May will be a big month for Baltimore's Inner Harbor, with the May 7 opening of a $4.5 million Visitors Center and the May 28 opening of the expanded Maryland Science Center.
But one part of the waterfront that still doesn't make a good impression is the area between the two attractions.
The west shore of the Inner Harbor is a prime waterfront parcel that contains a 60-car parking lot, a police substation and dockmaster's office, a trailer for Harbor Cruises, an ice cream stand, vending machines, a Baltimore Ducks kiosk and plenty of asphalt paving.
Over the years, the city has commissioned a series of studies for making the shoreline more attractive, but officials have never made permanent improvements. Nearly 25 years after the opening of Harborplace, the west shore still has an unfinished, unpolished, unkempt appearance. The problem was underscored during a preview event the Maryland Science Center held last week to show off its $35 million transformation.

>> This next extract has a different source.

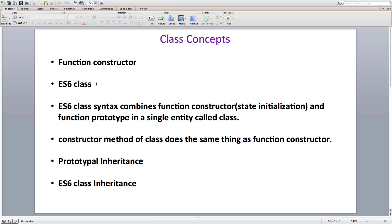Then we looked at the new ES6 class declarative syntax that hides all the complexity of the prototype system and provides us a uniform declarative syntax to add the data properties and methods together inside a single entity called a class.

The addition has two large exhibit halls with windows that offer sweeping views of the downtown skyline. But the view is marred by the sight of the west shore in the foreground, with its asphalt paving and hodgepodge of kiosks and other structures.
City redevelopment officials say upgrading the west shore is a high priority, but the work may have to be done in increments and it may still be several years from completion.
"The plan is to make it presentable and permanent," said M. Jay Brodie, president of the Baltimore Development Corp. "It's been neither for the last 20 years."
Brodie said the Inner Harbor master plan commissioned by his agency two years ago recommends that the parking lot disappear and the west shore be landscaped as a "large grassy plain" that would provide an alternative to more active areas along the shoreline. This green space may also double as a setting for outdoor movies, the way Bryant Park does in New York.
Brodie said the city did not previously make permanent improvements to the west shore because "we haven't been ready before the Inner Harbor master plan study."
But he said the recommendations contained in that plan -- by Cooper Robertson and Partners; Cho, Benn + Holback, and landscape architect Thomas Balsley -- appear to have widespread support.
The next steps, he said, are for his agency to work with Baltimore's Department of Recreation and Parks and others to hire designers to develop more specific plans, get cost estimates and identify funding -- possibly from a voter-approved bond issue.
He said the agencies have to make certain the shoreline improvements are included in the city's six-year Capital Improvement Program and follow the city's procurement procedures.
Of all the recommendations in the Inner Harbor master plan, he said, "there's no more important item on my agenda than implementation of the west shore improvements in a permanent way. But it's going to take a few years."
In the meantime, visitors to the west shore can expect to see some changes over the next few months.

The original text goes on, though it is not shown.